Collected data:
——————————

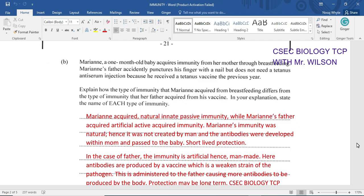Then there are the artificial types. Artificial active acquired immunity pretty much includes the taking of vaccines to build that immunity — the antibodies here are produced by the vaccine. Then we have artificial passive acquired immunity, which is usually given to an individual that has not been vaccinated and has been exposed to a pathogen, or a person who has had a snake bite. This type of immunity is short-lived but acts very quickly.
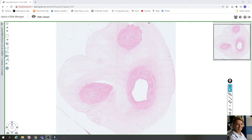In this video we will take a look at the slide of umbilical cord. The slide is stained with hematoxylin and eosin. That means that nuclei of cells are violet and cytoplasm is pink.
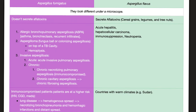Aspergillus flavus secretes aflatoxins, which can lead to acute hepatitis, hepatocellular carcinoma, immunosuppression, and neutropenia. Back to fumigatus — if you're immunocompromised you're at higher risk. Immunocompromised patients include HIV patients, patients with chronic granulomatous disease, and patients taking immunosuppressant drugs such as high-dose steroids, rituximab, cyclophosphamide, etc. Invasive aspergillus can cause hematogenous spread, necrotizing bronchopneumonia, hemorrhagic infections, and distant spread to the brain, heart causing endocarditis, GI tract causing gastrointestinal aspergillosis, and more.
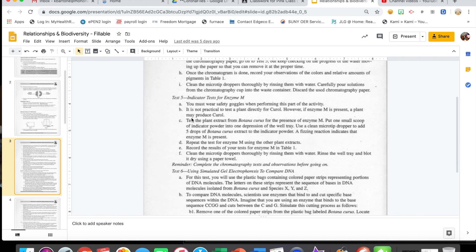It is not practical to test a plant directly for Cure-All. Remember from the first video that Cure-All is a potentially cancer-curing agent found in small supply in Botanicuris, and we're looking for a closely related plant that may also produce it. However, if Enzyme M is present, a plant may produce Cure-All. We'll put one small scoop of indicator powder into the depression well tray. A fizzing reaction indicates that Enzyme M is present.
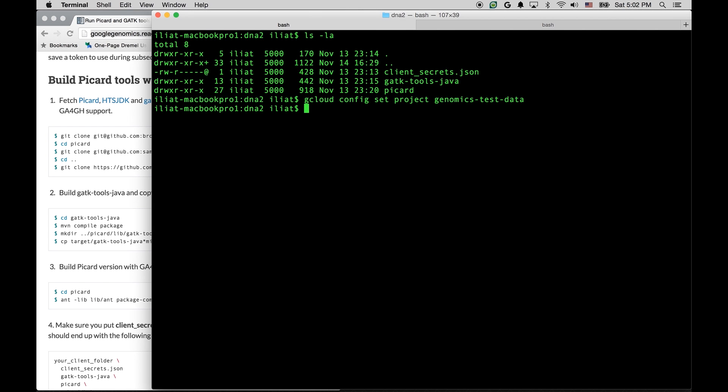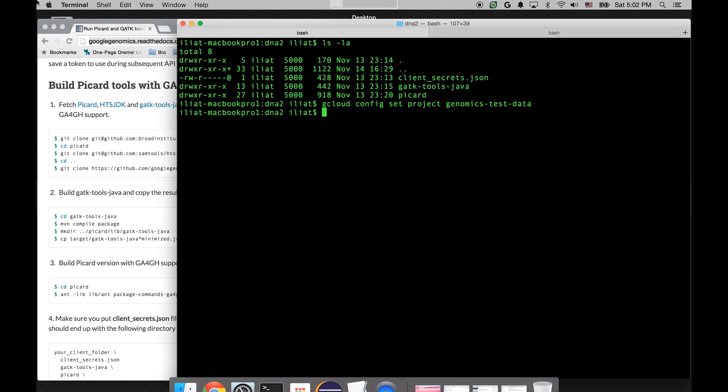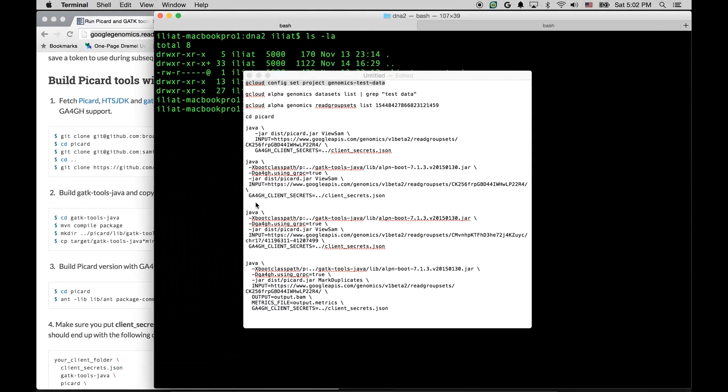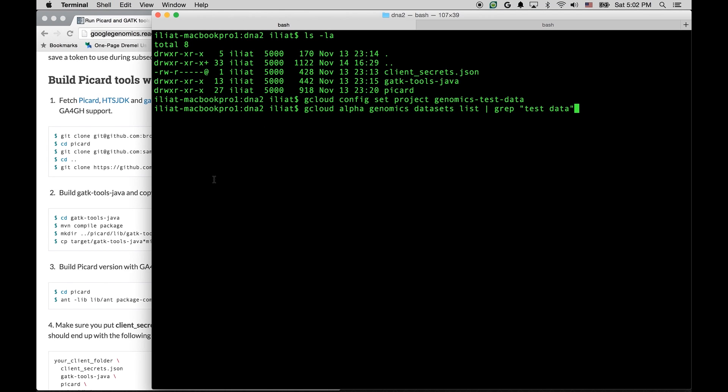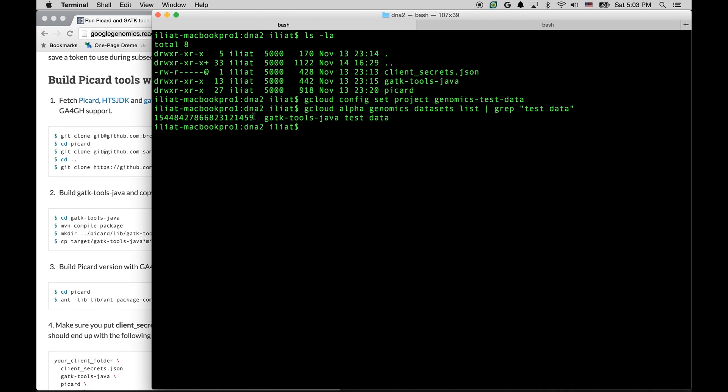Now, let's find the dataset that we are after. We're going to use GCloud tool again, this time to run Genomics API command to list the datasets to which we have access, and then find the dataset which is called Test Data. So we've done that, and we have the ID of our dataset.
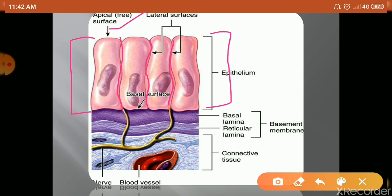Next is the lateral surface — this is the surface between adjacent cells on either side. In the lateral surface, you can see the cell junctions present: tight junctions, desmosome junctions, adherence junctions, and gap junctions are all present in the lateral surface, facing the adjacent cells.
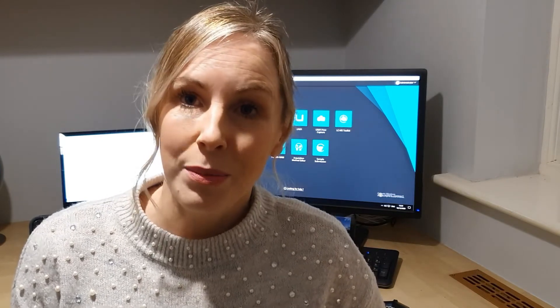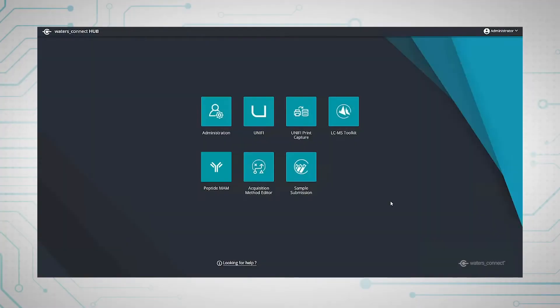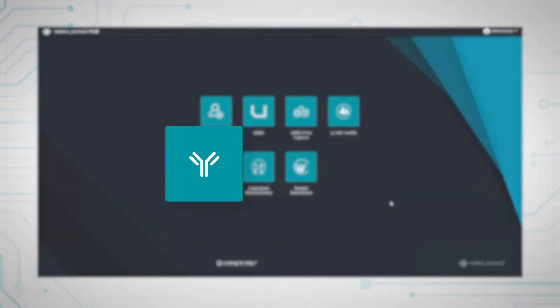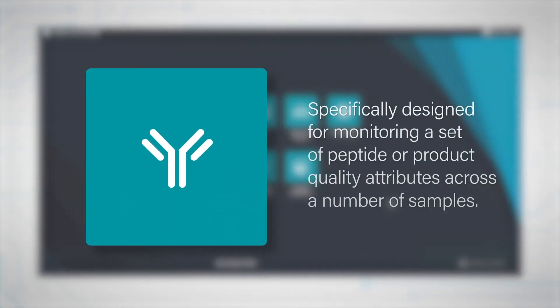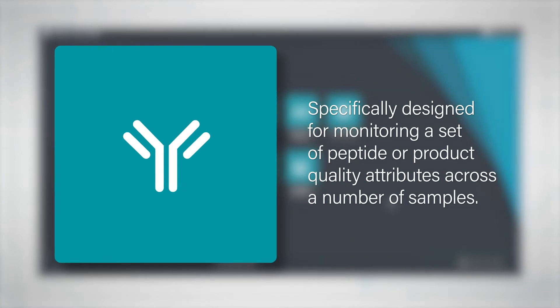In this video I'm going to give you a quick overview of the Peptide Man app. This app has been specifically designed for monitoring a set of peptide or product quality attributes across a number of samples.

——————————

> [Task statement]: Word for word, restate all of the records. Exclude the pictures.

> [Result for this exercise]:
Then there are the artificial types. Artificial active acquired immunity pretty much includes the taking of vaccines to build that immunity — the antibodies here are produced by the vaccine. Then we have artificial passive acquired immunity, which is usually given to an individual that has not been vaccinated and has been exposed to a pathogen, or a person who has had a snake bite. This type of immunity is short-lived but acts very quickly.
In this video we will take a look at the slide of umbilical cord. The slide is stained with hematoxylin and eosin. That means that nuclei of cells are violet and cytoplasm is pink.
Aspergillus flavus secretes aflatoxins, which can lead to acute hepatitis, hepatocellular carcinoma, immunosuppression, and neutropenia. Back to fumigatus — if you're immunocompromised you're at higher risk. Immunocompromised patients include HIV patients, patients with chronic granulomatous disease, and patients taking immunosuppressant drugs such as high-dose steroids, rituximab, cyclophosphamide, etc. Invasive aspergillus can cause hematogenous spread, necrotizing bronchopneumonia, hemorrhagic infections, and distant spread to the brain, heart causing endocarditis, GI tract causing gastrointestinal aspergillosis, and more.
It is not practical to test a plant directly for Cure-All. Remember from the first video that Cure-All is a potentially cancer-curing agent found in small supply in Botanicuris, and we're looking for a closely related plant that may also produce it. However, if Enzyme M is present, a plant may produce Cure-All. We'll put one small scoop of indicator powder into the depression well tray. A fizzing reaction indicates that Enzyme M is present.
Now, let's find the dataset that we are after. We're going to use GCloud tool again, this time to run Genomics API command to list the datasets to which we have access, and then find the dataset which is called Test Data. So we've done that, and we have the ID of our dataset.
Next is the lateral surface — this is the surface between adjacent cells on either side. In the lateral surface, you can see the cell junctions present: tight junctions, desmosome junctions, adherence junctions, and gap junctions are all present in the lateral surface, facing the adjacent cells.
In this video I'm going to give you a quick overview of the Peptide Man app. This app has been specifically designed for monitoring a set of peptide or product quality attributes across a number of samples.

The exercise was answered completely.